Tennessee Files Appeal in Case That Determined TSORNA is Punishment
As expected, Tennessee has filed an appeal in Does v Lee. In this case, the 6th District Federal judge ruled flat out that the State’s SORNA was punishment and that retroactive components were Ex Post Facto.
Tennessee’s appeal emphasizes three failings of the ruling:
1) the Court exceeded its limits;
2) the Court erred in declaring Ex Post Facto;
3) the Court erred in making general advisory statements.
The appeal spends pages re-hashing the challenges of the 1990s and the ensuing problem solving legislation of the early 2000s. It cites a number of studies from those eras to underpin the rationale. The hat hangs heavy on Smith v Doe and then a series of cases that cite this case to carry the argument forward. And, a few studies in the late 2000s seal the argument for an ever growing and evolving scheme for managing this scourge.
The analysis dies just when the studies have enough data to provide evidence that this approach doesn’t stop the occurrence of new crimes and to substantiate that recidivism is low regardless of SORNA. Today, so much data exists that most new studies are meta-studies which correlate the accuracy of studies of studies. This appeal is mute on that entire field of evidence.

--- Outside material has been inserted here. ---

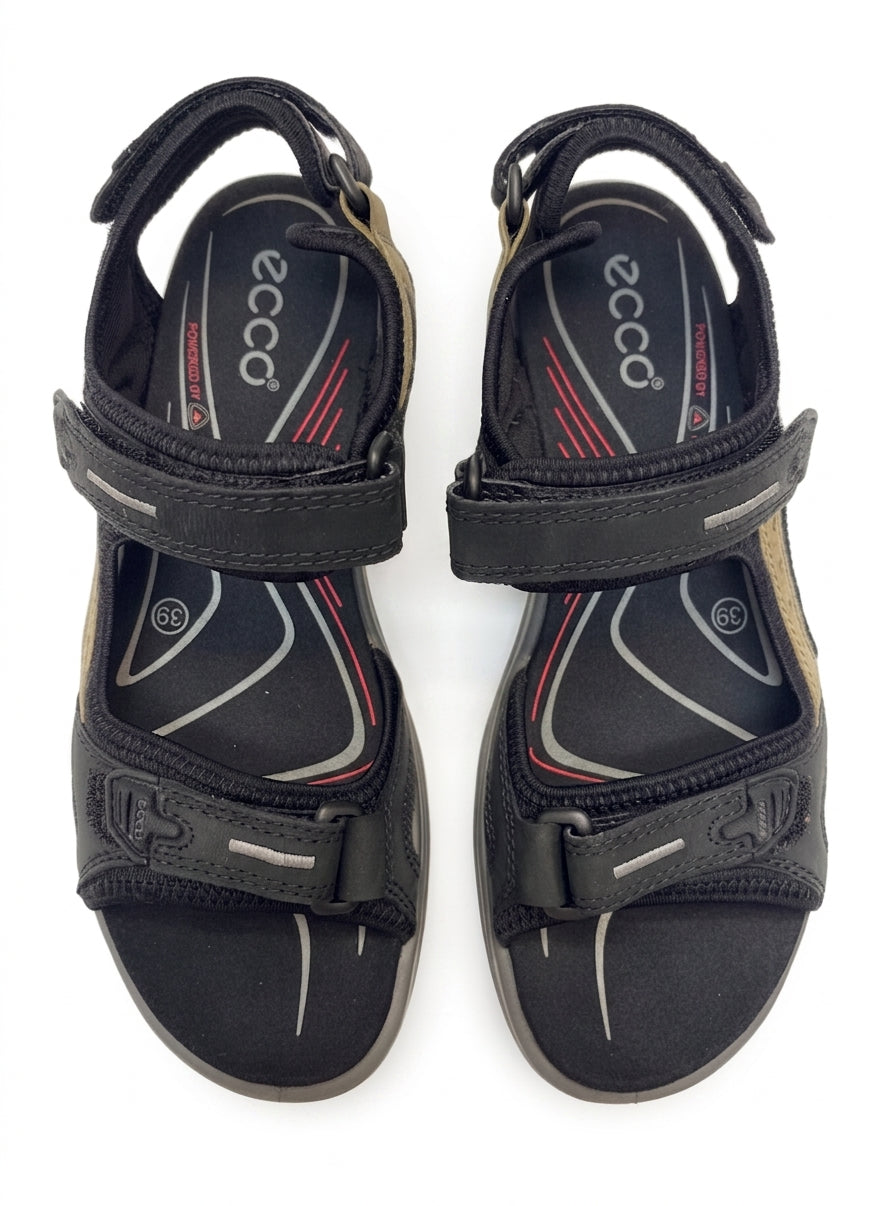 Ecco · Yucatan Sandals · 8.5 · Black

The question begs why appeal so vigorously in light of both data and this court’s clear stance on the law?
Many argue that registries equal money for states and localities. Carpenter’s argument that animus (blind rage hatred) drives legislation always has more sway. Even more so, when one considers Morgenthau’s definition of power. Typically used in international relations, it always seems appropriate here: Power is the ability to get others to do what they wouldn’t normally do on their own. In the case of SORNA and its companion SORR, legislatures have taken the powers granted in Smith v Doe to exert more and more control on a group that has too few defenders and is too easy to keep targeting.
It is a judge’s ruling that this is both punishment and foundationally unconstitutional that causes the most fear to those who wish to preserve something, even failed policy. Having to reconcile the fact that new offenses are reported every day and that SORNA and SORR didn’t prevent them from happening will put real accountability on those who have spent two decades building the wrong solution.
Not sure where to post this, but the Florida supreme court has altered Marsy’s law. Several factors were amended, one being Police officers cannot hide their identity if they are on duty.
https://www.msn.com/en-us/news/crime/good-intention-gone-awry-supreme-court-knocks-down-abusive-interpretation-of-marsy-s-law/ar-AA1lxzpJ?ocid=msedgdhp&pc=LCTS&cvid=e9ae5756ad434e45bed96ac45a4487e3&ei=39
Here oral arguments
https://www.opn.ca6.uscourts.gov/internet/court_audio/audio/12-07-2023%20-%20Thursday/23-5248%20John%20Doe%201%20et%20al%20v%20William%20Lee%20et%20al.mp3
Listening to the arguments it will be really a travesty if Doe is not allowed to sue the Governor and they dismiss the case. But he is head of the state so every thing should fall on his shoulders.
Is this the TN case, that was quick getting it to the 6th.
Yes it’s from the December 7th court date this is the summary https://www.courthousenews.com/tennessee-argues-to-reinstate-sex-offender-registry-requirements-at-sixth-circuit/
It’s just court for arguments of reinstatement or not. I imagine it’s going to get addressed pretty quickly. The Doe vs Lee main suit still has to wind its way through the court system but if they keep the injunction in place it would be positive as the state would have more of an uphill battle to overcome. Especially since this has a whole lot more issues addressing the registry than the Synder case that’s used as precedent.
But I kind of agree with the old judge. It’s like you can’t sue anybody, so if you own more than one property in Tennessee, you would have to sue one county to get off and then go sue another county it would make more sense to sue the governor he’s the one who signs all bills into making them law so he should have authority over everything.
But using the prosecutors logic, why would the sheriffs office be in charge of something civil that doesn’t make any sense that seems like it’s criminal category. No other group of people go to the sheriffs office for civil matters they all go to the courthouse.
I would think that the Sixth Circuit is bound by its Decission in Doe V Snyder. The judge in this case rulled in line with the Sixth Circuit. One of these day a judge will rule in line with Doe V. Smith that the first generational SORNA’s are constitutional and the Second, Third, and Fourth additions are unconstitutional.
That would be the case to take to SCOTUS. That would give them a case to set the record straight, First law civil and the add ons are the issues and ex post facto as they moved from a civil scheme to a criminal scheme. Just my opinion.
Correct. The state can’t argue the merits. That’s why they’re arguing procedure, that the governor and TBI are the wrong parties to provide the relief that the district court ordered. According to this appeal, affected registrants are supposed to get the ordered relief from the individual registering LE agencies. Pure idiocy that would be worthy of a Stella award if those were given for constitutional cases.